Dataset entries –

---+---

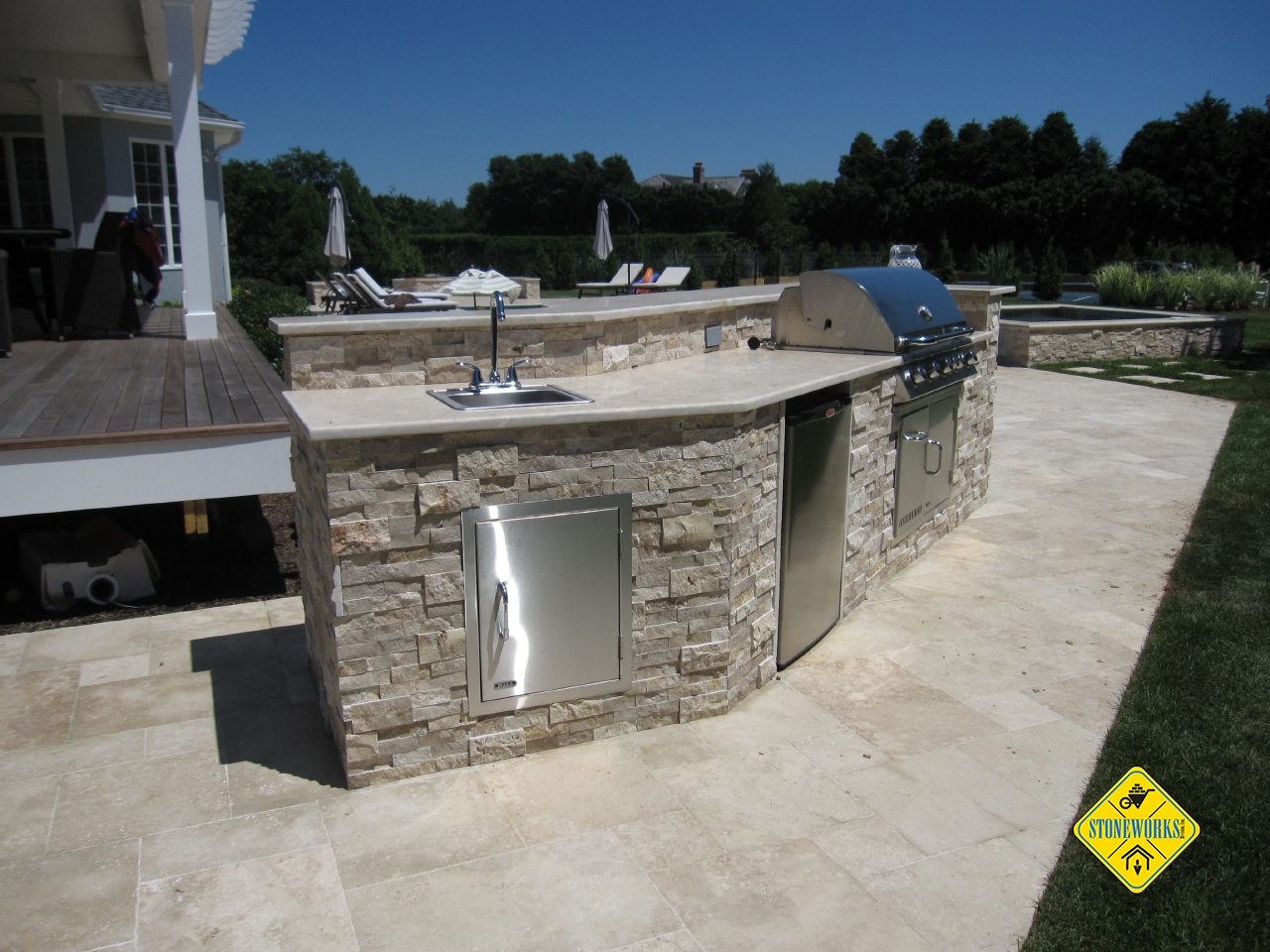 Waterfalls & Fireplaces project image 54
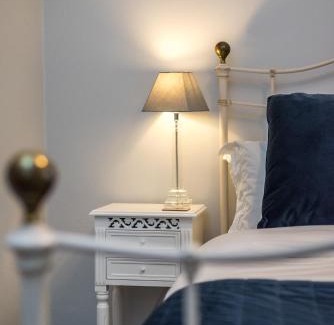 Penicuik House | Hideaway country cottage near Edinburgh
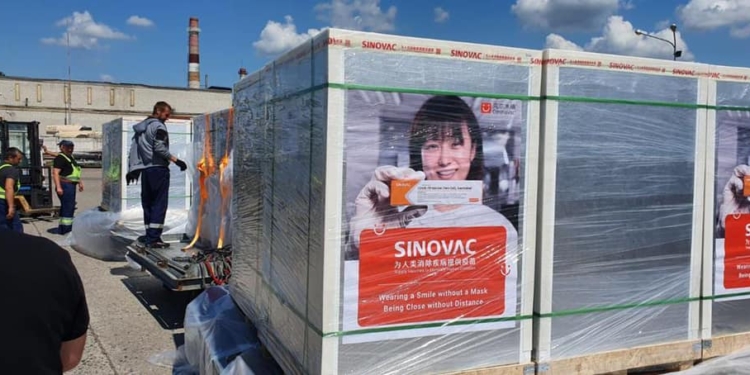 За вчера и сегодня в Украину прибыли свыше 2 млн.доз вакцины CoronaVac – Ляшко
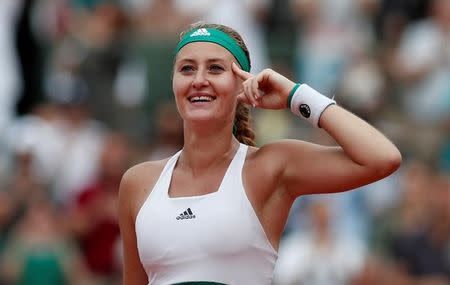 Tennis - French Open - Roland Garros, Paris, France - June 2, 2017 France's Kristina Mladenovic celebrates after winning her third round match against USA's Shelby Rogers Reuters / Benoit Tessier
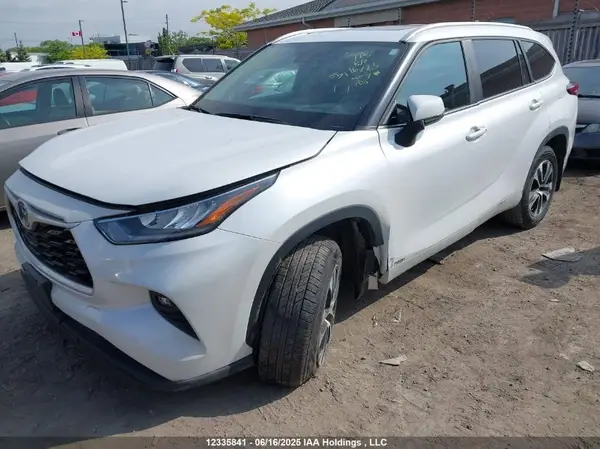 5TDKBRCH3PS585513 2023 TOYOTA HIGHLANDER - Image 2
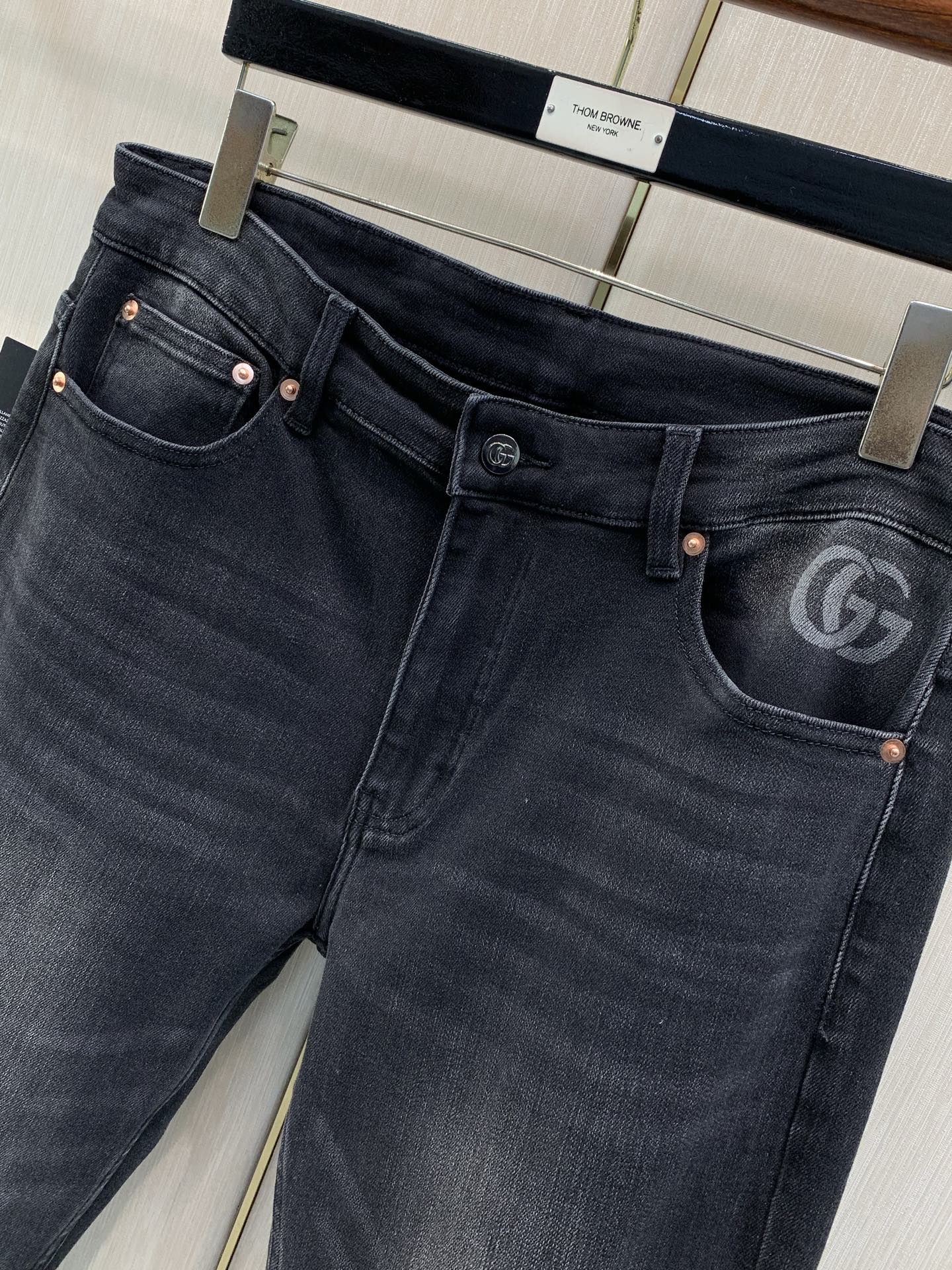 ，GUCCI 古驰，2026秋季最新品，专柜同步有售，原单狠货，时尚休闲水洗牛仔裤，进口原版水洗弹力面料，舒适有弹性，独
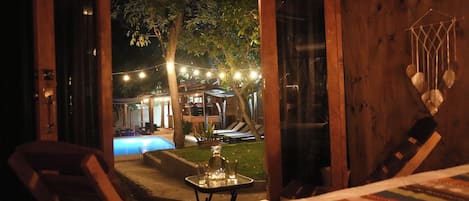 Habitación doble Confort, vista a la alberca | Escritorio, espacio para trabajar con laptop y wifi gratis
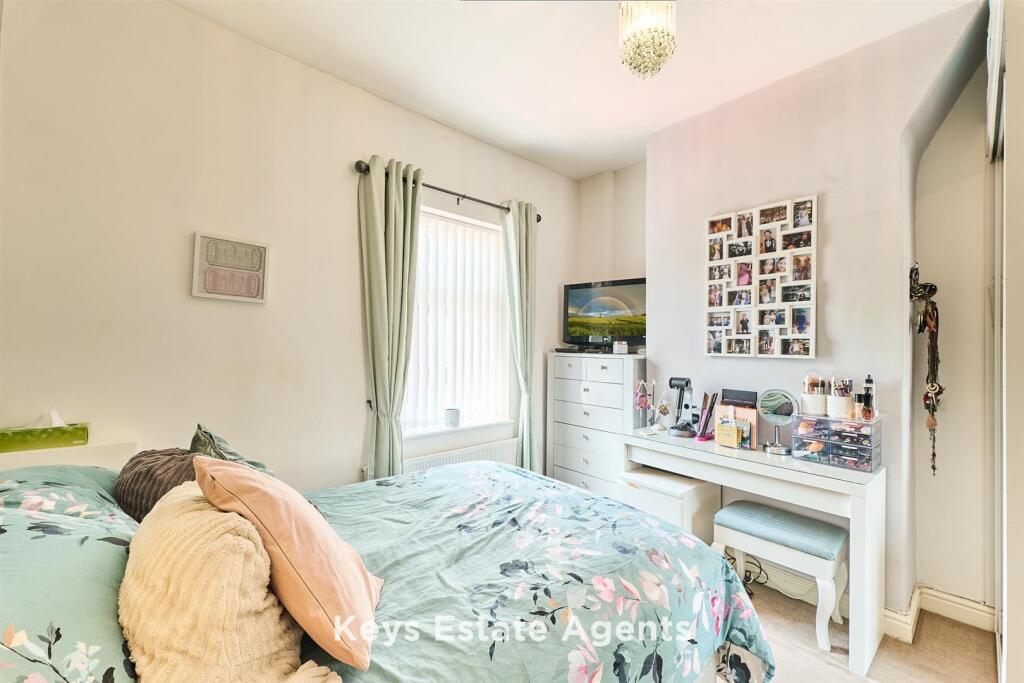 BEDROOM (front)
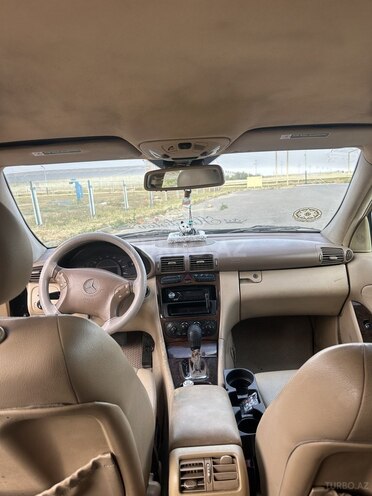 Mercedes C 240 2002, 318,000 km - 2.6 l - Sumqayıt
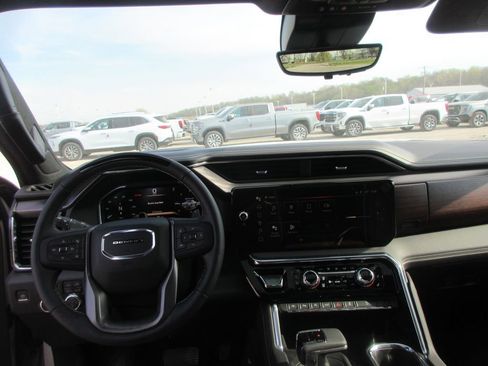 New 2026 GMC Sierra 1500 Denali Ultimate AWD/4WD image 18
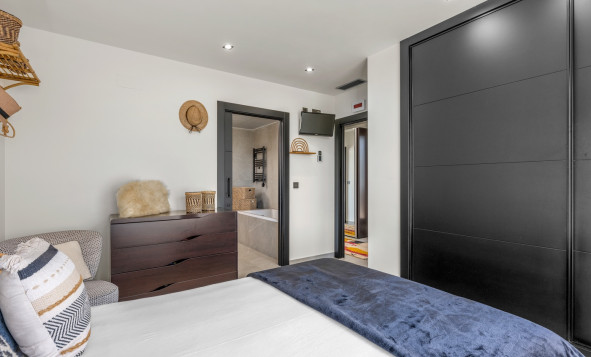 Herverkoop - 3. Vrijstaande villa - Benijófar - Costa Blanca Zuid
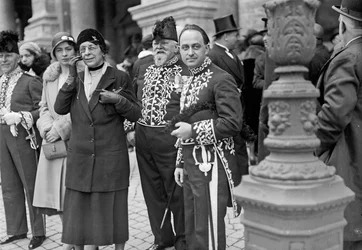 Le physicien italien Enrico Fermi (1901-1954, prix Nobel de physique en 1938) en tenue de cérémonie lors d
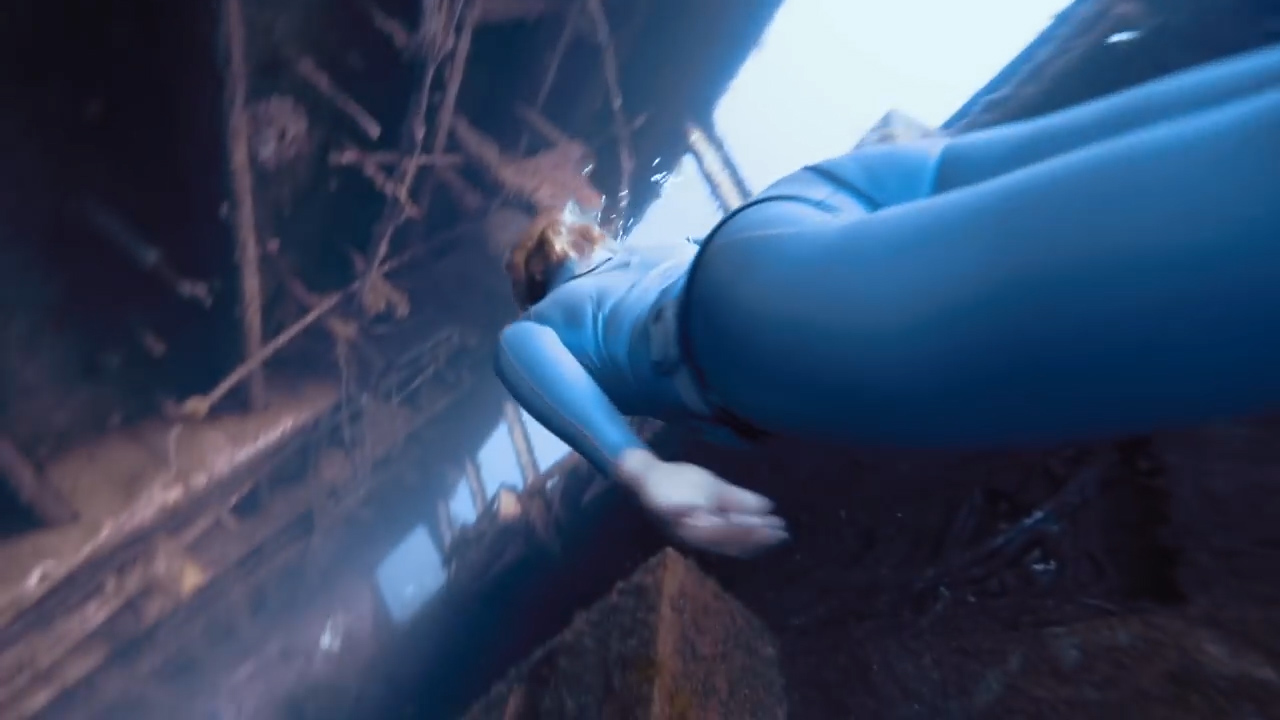 산소통 없이 물 속에서 6분 이상을 견딜 수 있는 조지나 밀러란 여성의 프리다이빙 모습(유튜브 영상 캡처)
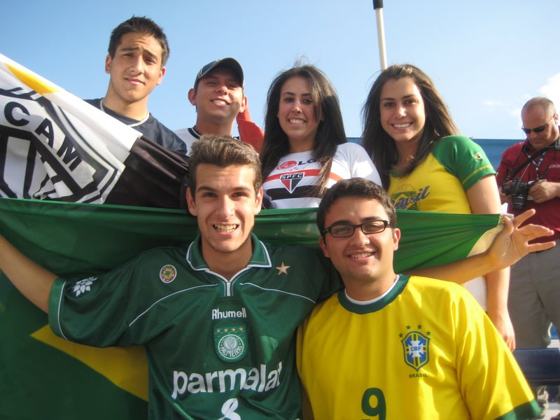 Brasileiros, brasileiros, atleticanos!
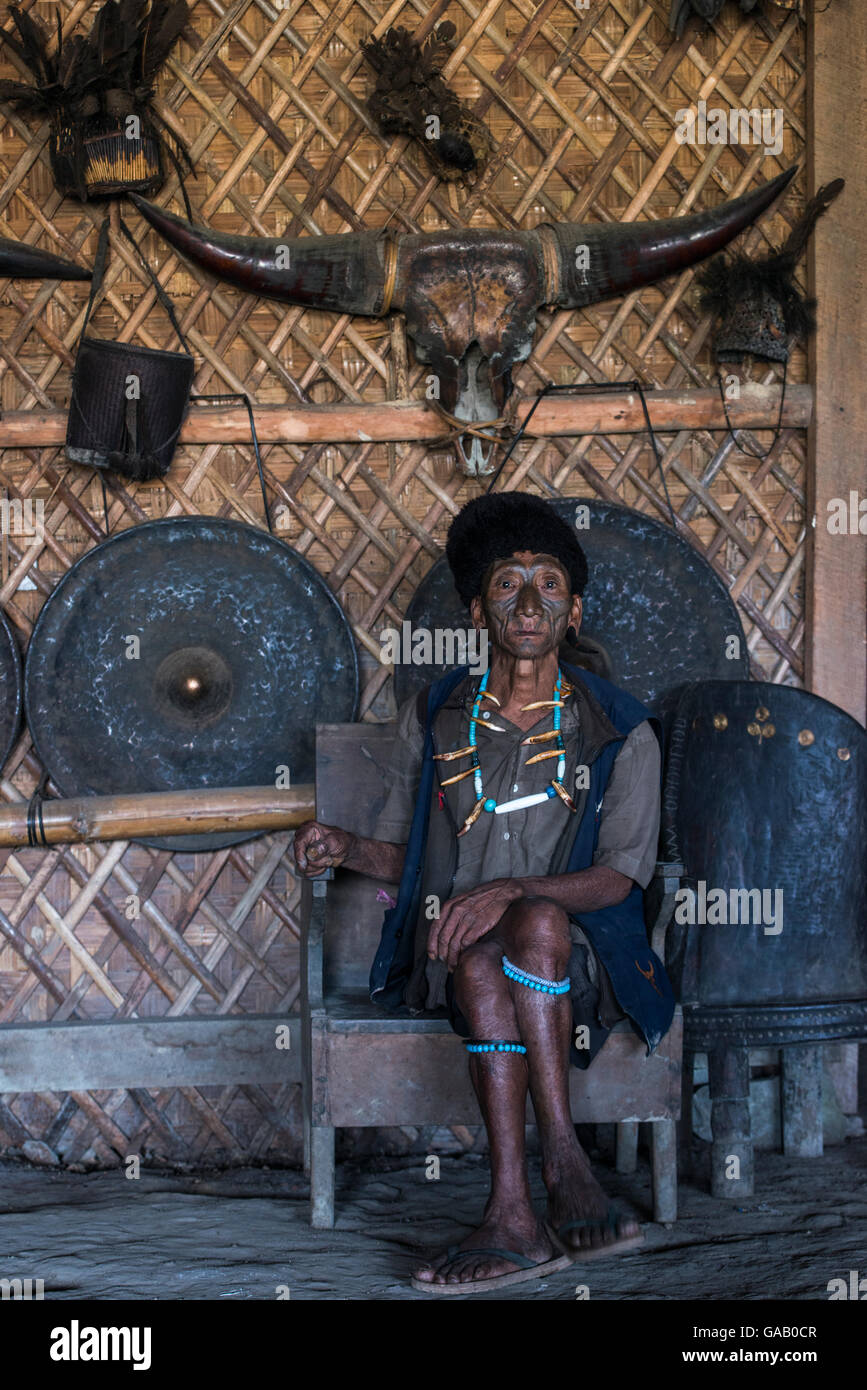Konyak Naga tatuato Ang o Chief. Solo qualcuno che ha ucciso e preso una testa umana può essere tatuato in questo modo. Distretto di mon. Il Nagaland, nord-est dell India, ottobre 2014. Foto Stock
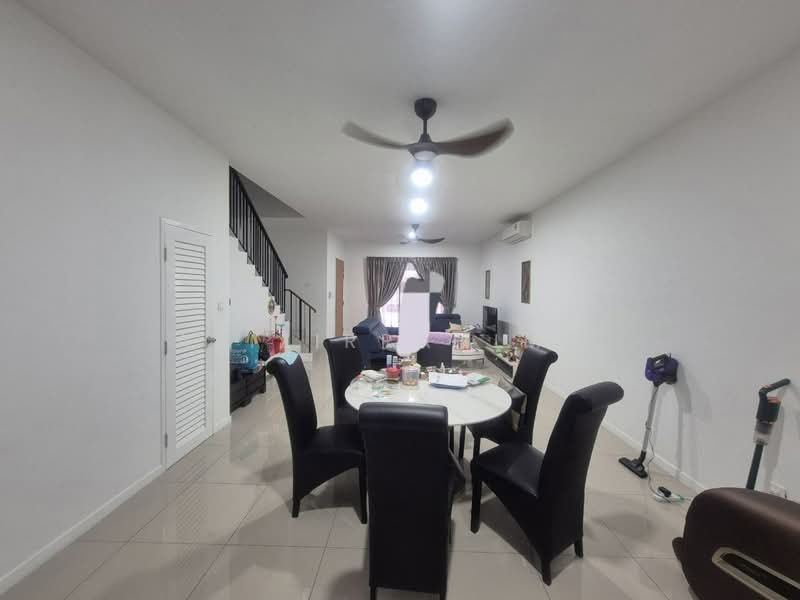 Rumah Teres 2-Tingkat untuk Dijual di Cyberjaya (Selangor) - Azizirrahim . - Living Room - PropertyGuru.com.my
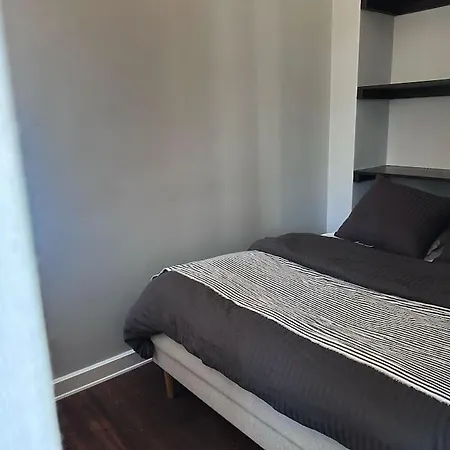 Local Family Close To Center Apartment *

---+---

Would you retype each line above exactly and skip every image?

 Waterfalls & Fireplaces project image 54
 Penicuik House | Hideaway country cottage near Edinburgh
 За вчера и сегодня в Украину прибыли свыше 2 млн.доз вакцины CoronaVac – Ляшко
 Tennis - French Open - Roland Garros, Paris, France - June 2, 2017 France's Kristina Mladenovic celebrates after winning her third round match against USA's Shelby Rogers Reuters / Benoit Tessier
 5TDKBRCH3PS585513 2023 TOYOTA HIGHLANDER - Image 2
 ，GUCCI 古驰，2026秋季最新品，专柜同步有售，原单狠货，时尚休闲水洗牛仔裤，进口原版水洗弹力面料，舒适有弹性，独
 Habitación doble Confort, vista a la alberca | Escritorio, espacio para trabajar con laptop y wifi gratis
 BEDROOM (front)
 Mercedes C 240 2002, 318,000 km - 2.6 l - Sumqayıt
 New 2026 GMC Sierra 1500 Denali Ultimate AWD/4WD image 18
 Herverkoop - 3. Vrijstaande villa - Benijófar - Costa Blanca Zuid
 Le physicien italien Enrico Fermi (1901-1954, prix Nobel de physique en 1938) en tenue de cérémonie lors d
 산소통 없이 물 속에서 6분 이상을 견딜 수 있는 조지나 밀러란 여성의 프리다이빙 모습(유튜브 영상 캡처)
 Brasileiros, brasileiros, atleticanos!
Konyak Naga tatuato Ang o Chief. Solo qualcuno che ha ucciso e preso una testa umana può essere tatuato in questo modo. Distretto di mon. Il Nagaland, nord-est dell India, ottobre 2014. Foto Stock
 Rumah Teres 2-Tingkat untuk Dijual di Cyberjaya (Selangor) - Azizirrahim . - Living Room - PropertyGuru.com.my
 Local Family Close To Center Apartment *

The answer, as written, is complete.